Work and the Dignity of Workers: An interview with Cardinal Peter K. A. Turkson
26 September 2018
Work is a central theme in the pontificate of Francis. In Evangelii Gaudium (EG), he uses four words to describe it: “free, creative, participatory and mutually supportive” (EG 192). This is a foundational, programmatic statement that Bergoglio had already made in Buenos Aires in June 2003, commenting on the encyclical on work by St. John Paul II, Laborem Exercens (September 14, 1981).
To explore the theme of work in a universal perspective we spoke to Cardinal Peter Kodwo Appiah Turkson, prefect of the Dicastery for the Promotion of Integral Human Development. His experience and his role within the Church are a testament to his authority: born in Wassaw-Nsuta on October 11, 1948, he is the first native Ghanaian cardinal; ordained metropolitan archbishop of Cape Coast in 1993, he was president of the Ghana Catholic Bishops’ Conference (1997-2004), relator for the Synod of Bishops for Africa (2009), and president of the Pontifical Council for Justice and Peace (2009-2016).
Your Eminence, according to Scripture, work is the participation of humans in the “creative act” of God. How do you define the dignity of work and of the worker within the social doctrine of the Church?
The Old Testament presents God as omnipotent Creator, who makes humankind in his own image, and tasks them with working the land and taking care of the Garden of Eden, where they have been placed. God invites them to cultivate and cherish what he has created, and what they have received as a precious gift, for which the Creator has made them responsible. Work is part of the original condition of humanity, preceding the fall; therefore, it is neither a curse nor a punishment. It becomes an effort and a source of suffering due to the sin of Adam and Eve, who break their trusting and harmonious relationship with God. Work, therefore, is part of God’s design for humanity since Creation, and is an integral part of human dignity.

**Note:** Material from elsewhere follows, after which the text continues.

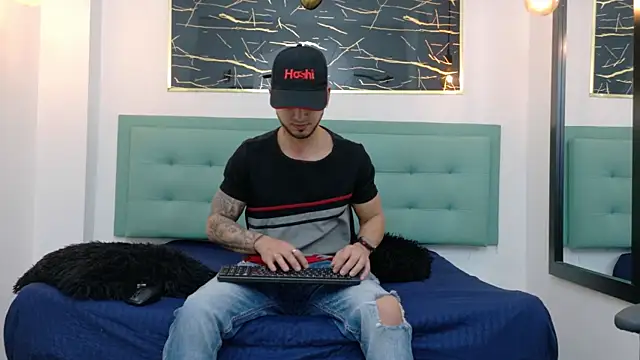 PowerLustX online show from July 9, 2026, 3:43 am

When we talk about the dignity of work, we must take a step back and consider the dignity of the worker, who is the architect of the work itself. The social doctrine of the Church recognizes an objective component to work, defined as the labor that is brought into being, and a subjective component, constituted by the worker as a human person. The subjective dimension of work must take precedence over the objective, because it is the person who brings work into being. The subject of labor is the human person – created in God’s image and likeness, in unity of body and spirit, singular and unique. Depending on whether the dignity of the working person is respected in the context of employment, we talk of work that is decent and human or, on the contrary, indecent and inhuman. In Caritas in Veritate (CV), Benedict XVI defined decent employment as “work that expresses the essential dignity of every man and woman in the context of their particular society: work that is freely chosen, effectively associating workers, both men and women, with the development of their community” (CV 63).